Orso Major is an online gallery, which strives to bring affordable art by up-and-coming artists to one’s home or business. The Gallery offers limited edition photographs and prints, and a series of original charcoal drawings. “While we are an online gallery,” says Director, Gita Joshi, “we have plans for 2013 to mount exhibitions at various locations around London.”

Tryptique Lumo Lights and The Oblique Self by Darren Monaghan

Read more about the upcoming Startup Showcase here!

Cave Couture

March 21st, 2013 10:00 am

The next time you’re adjusting your fascinator to attend Cousin Trudie’s wedding, you may think, why am I doing this? Not in the sense of why am I supporting this wedding which I know is a sham because he’s intellectually inferior to her, he’s a cat person and he’s a Scorpio, so it’ll never work…but more in terms of why the urge to pin feathers to your hair? Well, according to recent studies, you are responding to an ancient urge for feather adornment that goes back as far as Neandertal civilization.

A recent article in Scientific American magazine described how new evidence suggests that Neadertals used bird feathers as adornment. This flies in the face of previous theories that Neanderthals were not advanced enough to exploit smaller prey, such as birds, and that they did not yet express themselves through symbolic behaviours. Such shortcomings, according to previous theories, put Neandertals at a disadvantage when more modern humans with more skills invaded Europe.

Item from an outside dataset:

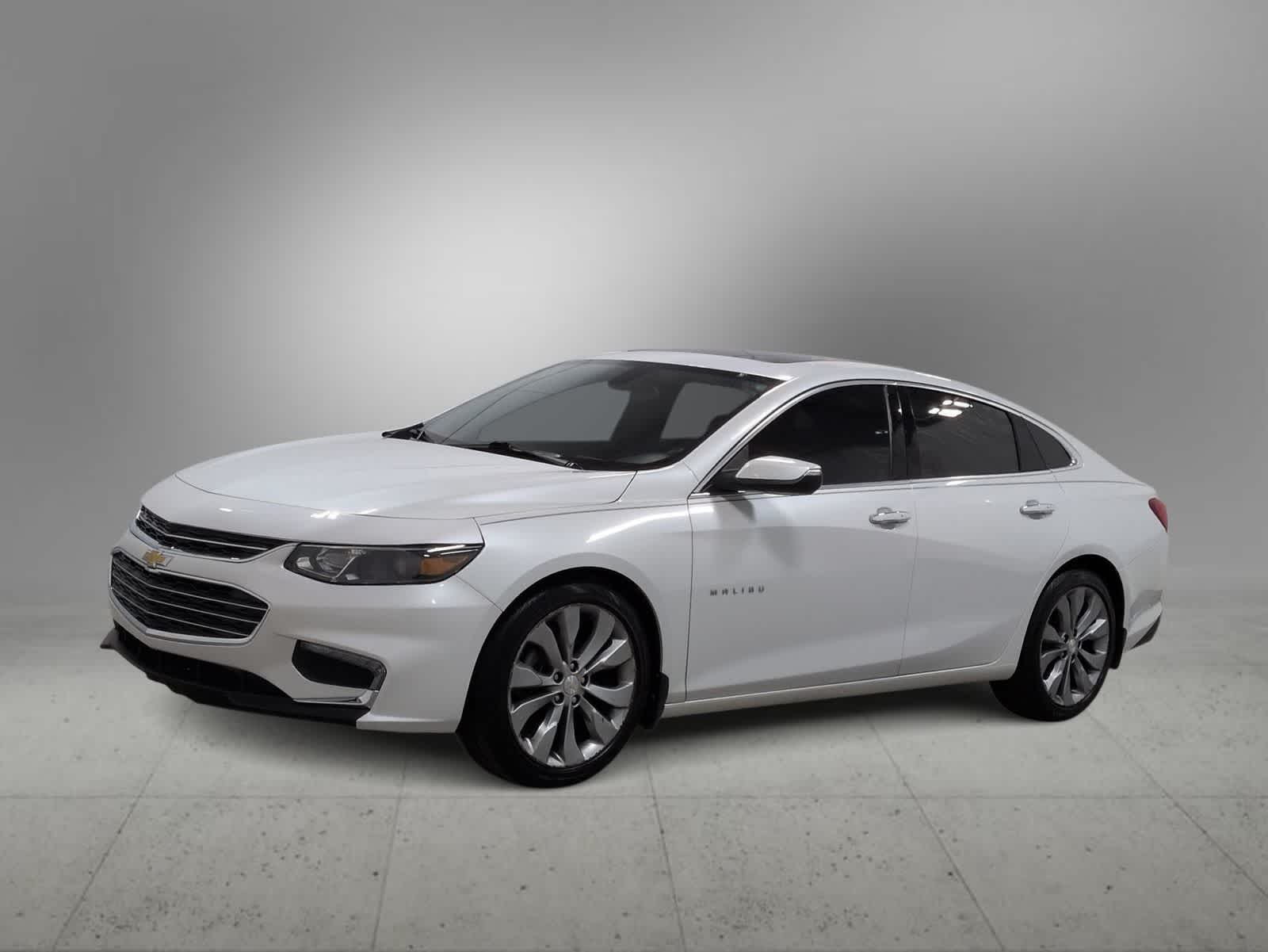 Thumbnail: 2018 Chevrolet Malibu - 4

Paleontologist Clive Finlayson and zooarchaeologist Jordi Rosell and colleagues recently reported their analyses of animal remains at 1,699 fossil sites in Eurasia and North Africa spanning the Pleistocene epoch. Their findings indicate that Neandertals were strongly associated with corvids (ravens and the like) and raptors (eagles and their relatives).

The evidence gathered from these bird remains suggests that they were not eaten for food (people do not eat corvids or raptors today), but that the beautiful flight feathers were used as adornment. Further, cut marks were found on wing bones—not the meatiest part of the bird. Additionally, according to archaeologist John Shea, the Neandertals’ preference for dark-feathered birds mirrors their preference for black manganese pigment, which is known from a few sites. Finlayson believes the Neadertals may have used flint tools to separate the plumage from the wing bones still attached to the skin to create a kind of cape or headpiece.

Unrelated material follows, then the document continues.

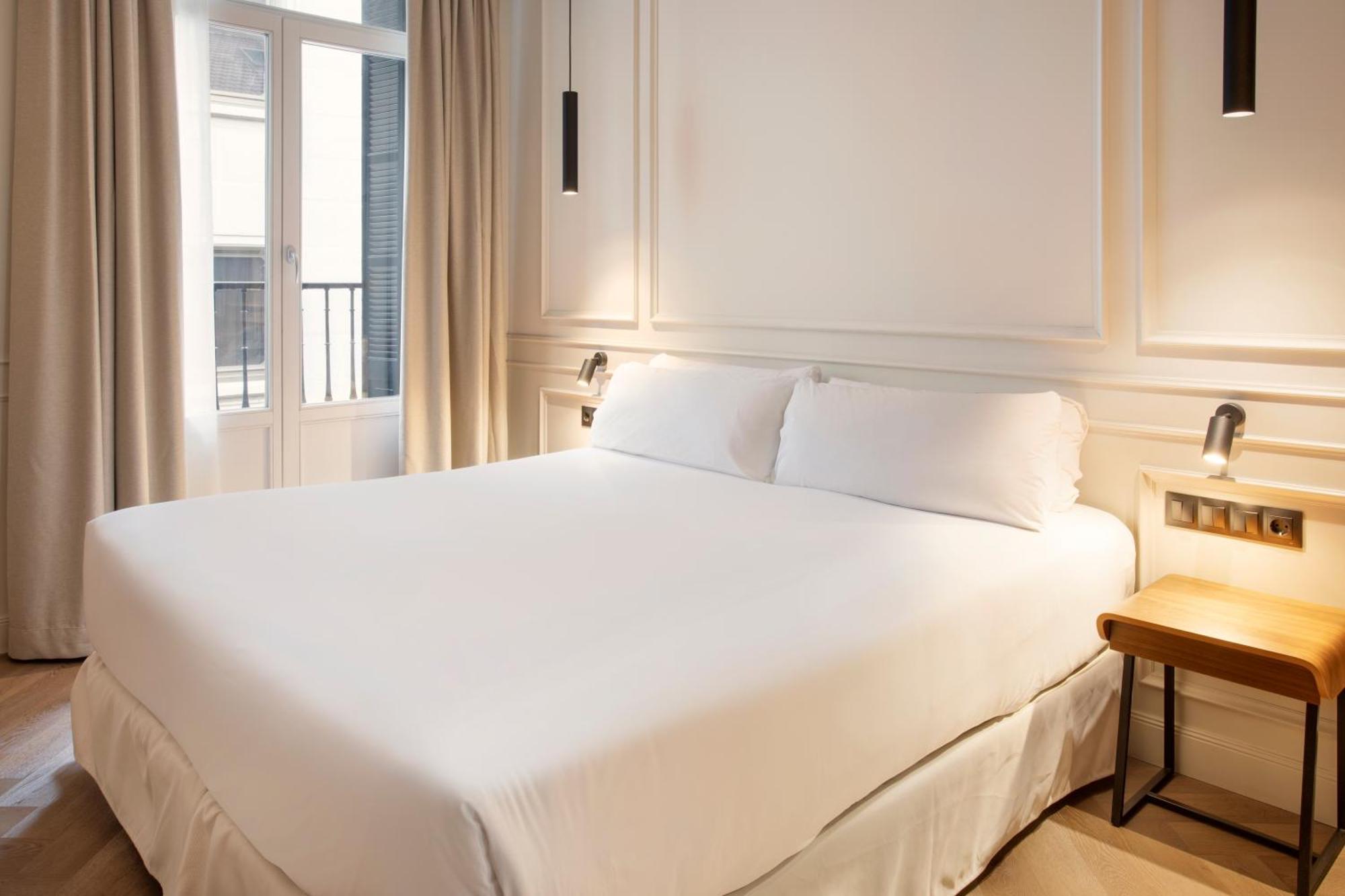 Bilder Boutique Hotel Більбао Екстер'єр фото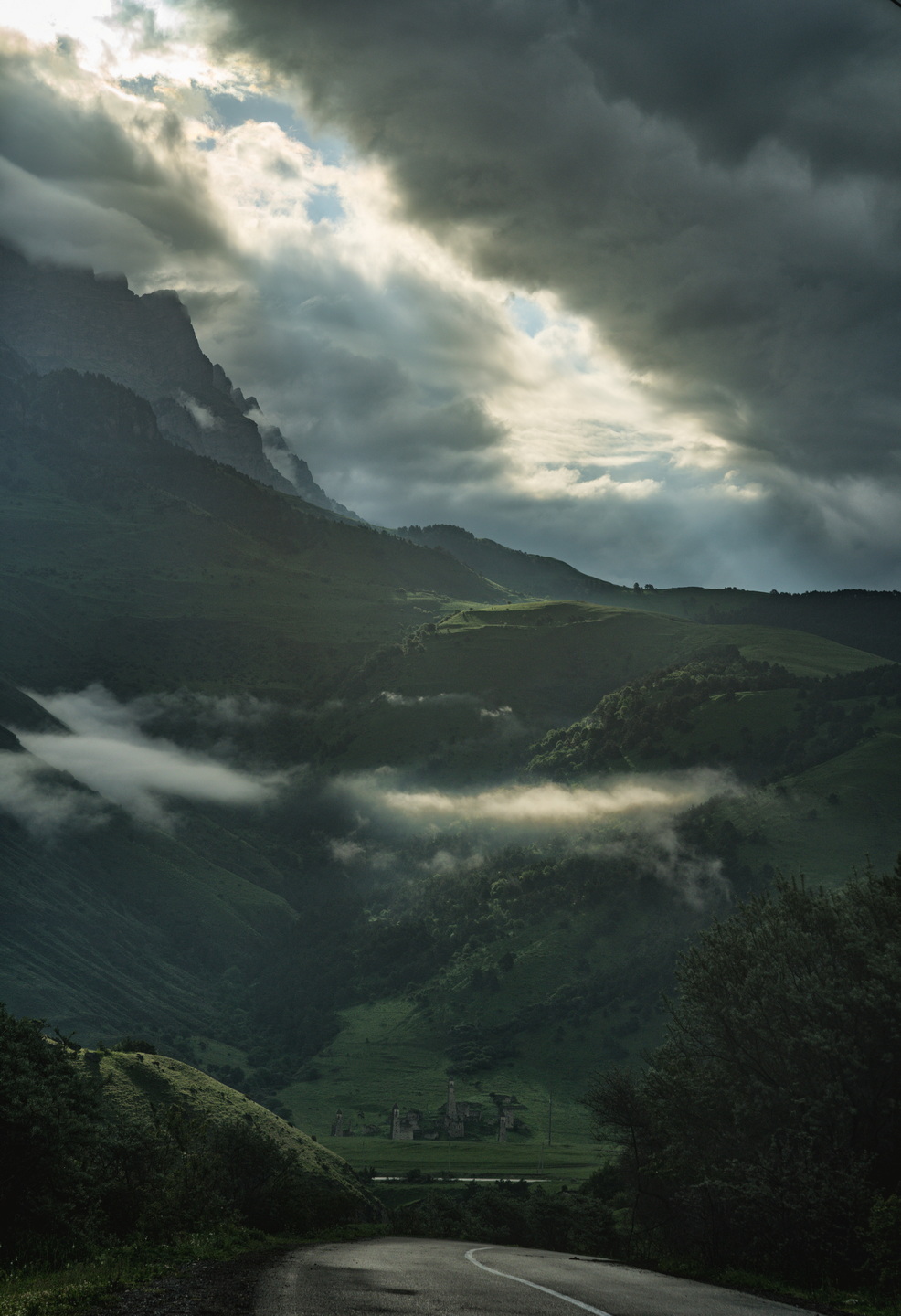 , Дэм Константин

Though Neandertals may not have had the most sophisticated tools, Rosell points out that many of these birds would have been easy to capture by hand. Vultures, for example, often hang out in tree branches waiting for a current to carry them. Gibraltar—where many cutmarked bones have been discovered– is on a major migratory route for many species, and the birds often arrive tired from the shifting winds and easier to catch.

Previous findings of cut bird bones from Neandertal levels in Fumane Cave in northern Italy were dismissed as an isolated event. But Finlayson and Rosell’s study indicates that feathers were almost definitely a kind of fashion statement for thousands of years, possibly across Eurasia, and indicative of a certain level of sophisticated, symbolic behaviour. “A purely utilitarian kind of person does not put on a feathered headdress,” says paleoanthropologist John Hawkes.

Indeed—on the heels of tools follow feathered headdresses…followed by heels!


© Anne Kroul, 2013.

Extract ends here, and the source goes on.